Free ground shipping on orders over $60! | Shop now, pay later with Afterpay.
Banner - The Marsha P. Johnson Institute

The Marsha P. Johnson Institute

Black trans lives matter

As part of our commitment to this moment in the Black Lives Matter movement, Lush is partnering with 12 organizations at the center of the movement to support and uplift the immediate responses for activists, messaging and direct action. We’re also supporting organizations working in the medium- and long-term to end police brutality and systemic racism.

These organizations build community alternatives to end harm and violence, empower Black people to exercise their right to vote, protect and defend the health and human rights of Black trans people and ensure that Black-youth activists and organizers have a voice.

We were privileged to be able to virtually sit down with The Marsha P. Johnson Institute to discuss the specific issues faced by the Black trans community in the United States today.

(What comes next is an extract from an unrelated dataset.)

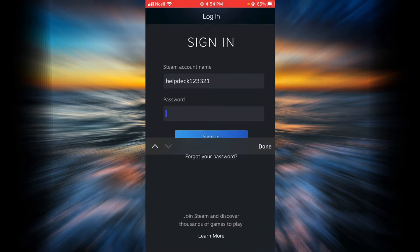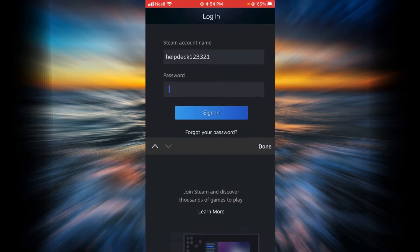Then you will have to enter your password here and then tap on sign in.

The Institute was founded in 2019 in response to the murders of Black trans women and trans women of color, and how these acts of violence are connected to their exclusion from social justice issues—namely racial, gender and reproductive justice, as well as gun violence. The organization is named after the activist, self-identified drag queen, performer and survivor, Marsha P. Johnson.

Who was Marsha P. Johnson?

Marsha was a prominent figure in the Stonewall uprising of 1969 and, until now, so much of our understanding of who she was came from accounts by people who did not look like or come from the same place as her. As transness—being transgender—is now more accessible to the world, introducing the Institute to Black trans people who are resisting, grappling with survival and looking for community has become a clear need.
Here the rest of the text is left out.